Monday, December 18, 2006
Secrets of Nuns Revealed
I don't get very far in the newspaper on any given day. I start with the obituaries, as I have mentioned, then I read the editorial section, which gives me a pretty good overview of what's going on. Then I start in with the front page to we know what to pray for. I never have to read very far for that!
So it's unusual that I would get deep enough into the newspaper to stumble across the story of how some scientists took a bunch of college students and blinded folded them and muffed their ears, then put down a scent of chocolate something or another and made them get down on all fours and track the scent like a bunch of bloodhounds. Turns out, they were very good at it. Very good indeed. No one failed, even when the course zig zagged or split. Turns out the students all used the same technique a bloodhound does, moving their heads back and forth across the scent path. (Their ears and the folds of their faces did not help them. Maybe when they get older. You know your ears keep growing.
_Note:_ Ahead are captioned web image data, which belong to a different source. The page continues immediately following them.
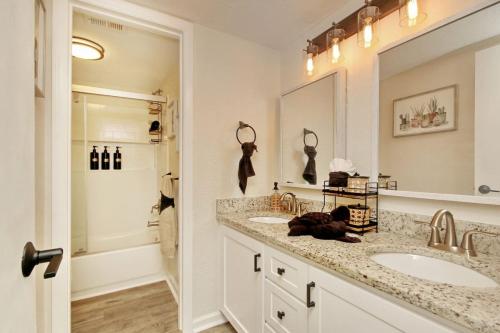 Ένα μπάνιο στο Steps to the Beach, Ocean Views, King Bed, Pool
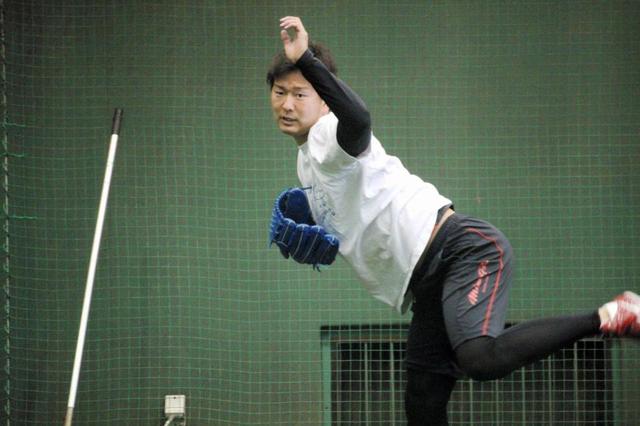 飯田、キャンプ地先乗り自主トレに参加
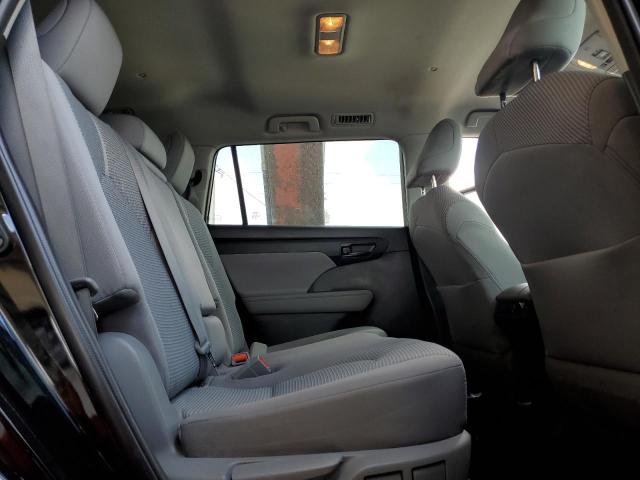 Photo 11 from auction – 2022 TOYOTA HIGHLANDER with VIN 5TDBZRBH5NS203511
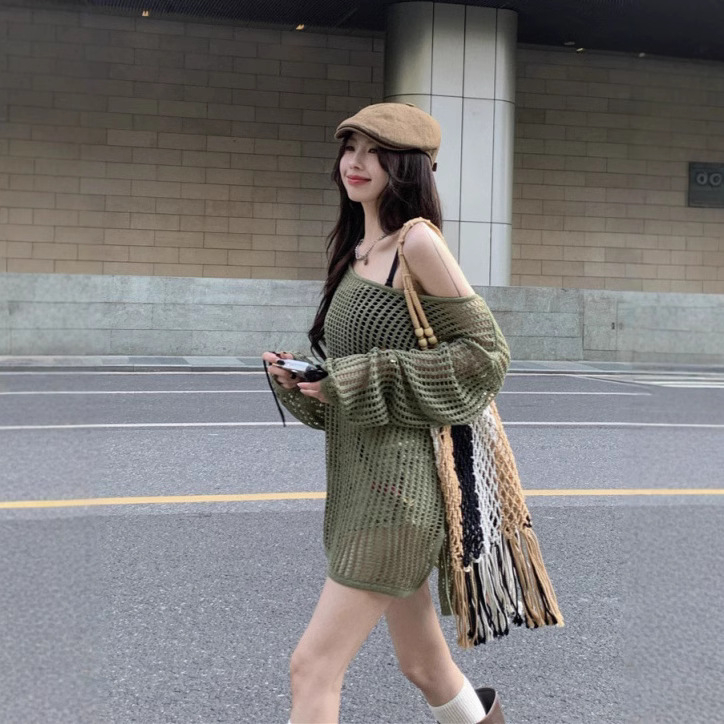 Плетен топ с изрязани детайли и открити рамене - свободен силует, средна дължина, UPF30+ защита от слънцето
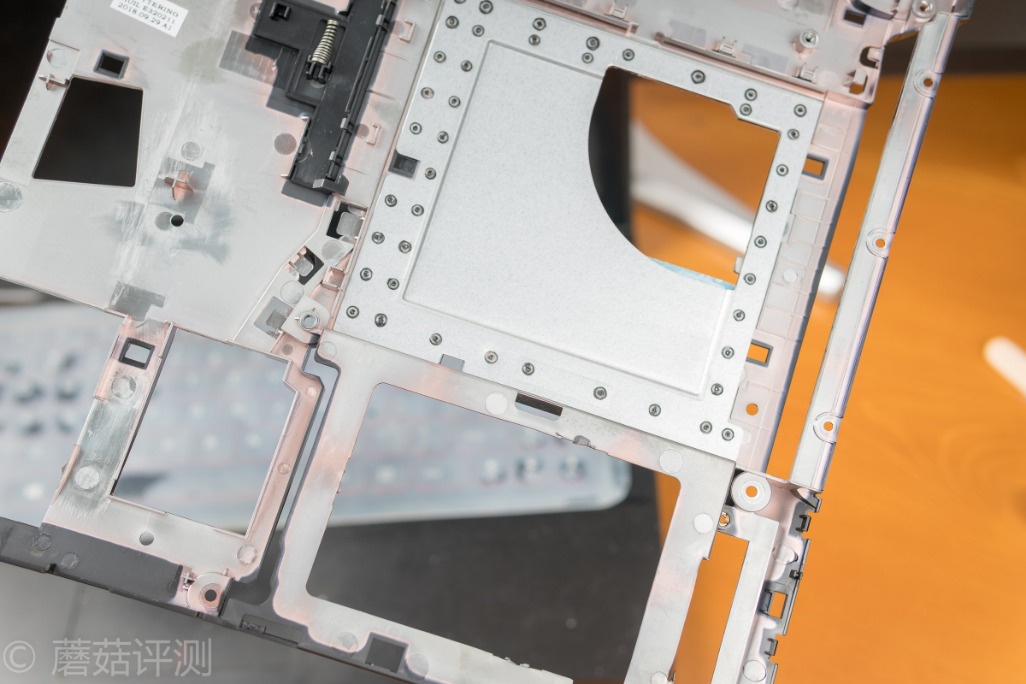 转轴断了维修多少钱,联想y400拆散热铜导管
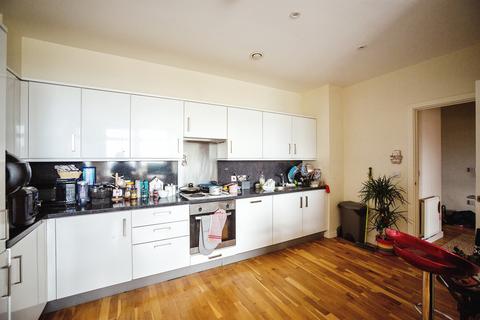 2 bedroom flat for sale, Park Street, Ashford
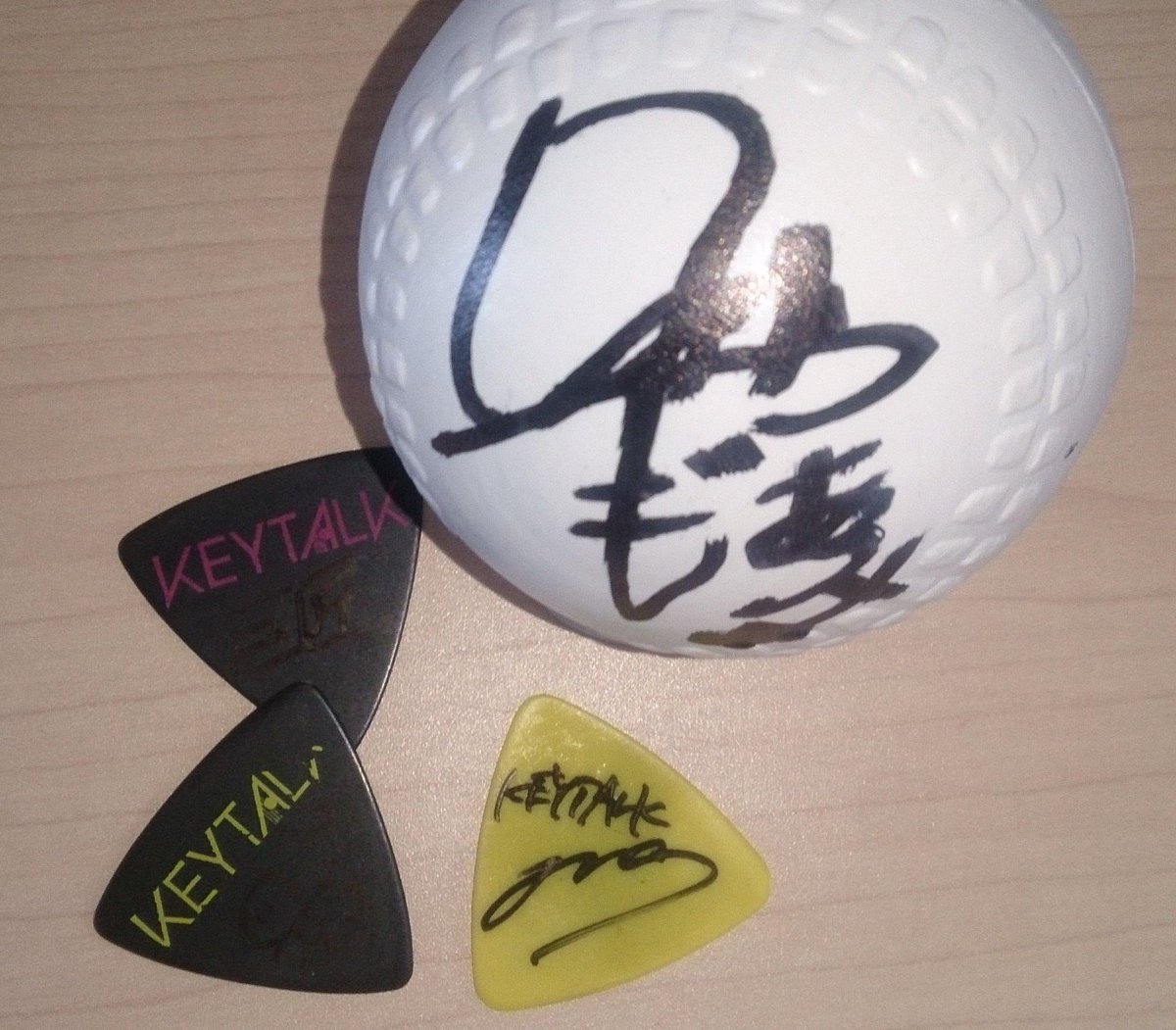 O Xrhsths Go Go Guitar ゴー ゴー ギター Sto Twitter Keytalk Flavor Flavor のインタビューをしました 読プレにサイン入り私物 小野さん 寺中さん 首藤さんはピック 八木さんは鞄に入っていたボール いただきました 掲載は2 27発売の4月号です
Some of you know all about the folds.)
I would have liked to have seen that!
The scientists came to the conclusion that if people have to use their noses like a bloodhound they can. They need both nostrils to do it. If one is blocked up, people can't find a bird in a barrel. Nothing tastes good either, if you can't smell it. The test subjects couldn't tell beef from chicken. Everything didn't even taste like chicken. Finally!
This information might come in handy if you have a wedding to pay for. If you can just think of a way to block the guests noses before the reception, you could save a bundle serving up hash shaped like fillet mignon. No one would be the wiser.
I wish someone had a video tape of those students tracking the scent through the weeds on all fours! Boy, would I love to see that!
Don't start complaining about scientific research and the money that is wasted! The Army paid for it. They want to figure out how the nose works so they can make a robot nose to sniff out land mines. At least that's what they said. Who knows what they want to sniff out, really?
By the way, the bloodhound was invented by St. Hubert, that patron saint of hunters and metalworkers. St. Hubert was an avid hunter. One day while hunting he heard a voice tell him hunting was a big fat waste of time when there were souls to be saved. A deer appeared in the woods with a crucifix between it's antlers. St. Hubert took the message seriously. He was especially good at talking pagans into melting down their idols, which is why he is the patron saint of metal workers. And some where in there he invented bloodhounds, who are especially good at tracking because they store scents in the folds of their faces, giving peach faced college students a run for their money.
You should personally be happy about this research because it will answer an age old question about how Sister knew you were talking even though her back was turned.